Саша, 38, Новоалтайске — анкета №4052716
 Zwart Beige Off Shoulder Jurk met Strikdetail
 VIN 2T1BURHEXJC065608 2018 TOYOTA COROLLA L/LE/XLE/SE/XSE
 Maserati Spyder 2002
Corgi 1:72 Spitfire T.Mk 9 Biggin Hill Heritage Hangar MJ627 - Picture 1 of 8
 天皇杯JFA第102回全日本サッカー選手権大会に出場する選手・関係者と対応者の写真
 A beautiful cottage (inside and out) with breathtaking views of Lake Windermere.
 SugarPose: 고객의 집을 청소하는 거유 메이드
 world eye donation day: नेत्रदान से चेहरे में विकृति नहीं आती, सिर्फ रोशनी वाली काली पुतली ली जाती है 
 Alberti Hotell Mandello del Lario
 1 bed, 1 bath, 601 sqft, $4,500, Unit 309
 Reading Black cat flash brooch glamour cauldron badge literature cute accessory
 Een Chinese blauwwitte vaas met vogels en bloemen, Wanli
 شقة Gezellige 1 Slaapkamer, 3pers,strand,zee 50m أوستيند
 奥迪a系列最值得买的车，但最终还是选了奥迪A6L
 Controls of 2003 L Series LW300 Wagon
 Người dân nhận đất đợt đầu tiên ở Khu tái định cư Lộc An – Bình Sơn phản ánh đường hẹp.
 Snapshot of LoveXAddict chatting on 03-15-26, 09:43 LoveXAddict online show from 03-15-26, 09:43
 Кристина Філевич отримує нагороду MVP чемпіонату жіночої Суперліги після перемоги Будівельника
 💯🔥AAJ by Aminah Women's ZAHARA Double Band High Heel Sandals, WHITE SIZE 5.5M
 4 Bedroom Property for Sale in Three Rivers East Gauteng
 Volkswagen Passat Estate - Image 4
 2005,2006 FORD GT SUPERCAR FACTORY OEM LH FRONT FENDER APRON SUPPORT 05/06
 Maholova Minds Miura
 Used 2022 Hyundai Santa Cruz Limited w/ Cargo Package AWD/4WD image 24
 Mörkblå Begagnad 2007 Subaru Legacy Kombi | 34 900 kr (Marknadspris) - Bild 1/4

---------------

Aim of the task: Give back every line from the beginning of the records through the line holding "Controls of 2003 L Series LW300 Wagon", exactly as it reads, and leave out the rest.

Final answer:
Саша, 38, Новоалтайске — анкета №4052716
 Zwart Beige Off Shoulder Jurk met Strikdetail
 VIN 2T1BURHEXJC065608 2018 TOYOTA COROLLA L/LE/XLE/SE/XSE
 Maserati Spyder 2002
Corgi 1:72 Spitfire T.Mk 9 Biggin Hill Heritage Hangar MJ627 - Picture 1 of 8
 天皇杯JFA第102回全日本サッカー選手権大会に出場する選手・関係者と対応者の写真
 A beautiful cottage (inside and out) with breathtaking views of Lake Windermere.
 SugarPose: 고객의 집을 청소하는 거유 메이드
 world eye donation day: नेत्रदान से चेहरे में विकृति नहीं आती, सिर्फ रोशनी वाली काली पुतली ली जाती है 
 Alberti Hotell Mandello del Lario
 1 bed, 1 bath, 601 sqft, $4,500, Unit 309
 Reading Black cat flash brooch glamour cauldron badge literature cute accessory
 Een Chinese blauwwitte vaas met vogels en bloemen, Wanli
 شقة Gezellige 1 Slaapkamer, 3pers,strand,zee 50m أوستيند
 奥迪a系列最值得买的车，但最终还是选了奥迪A6L
 Controls of 2003 L Series LW300 Wagon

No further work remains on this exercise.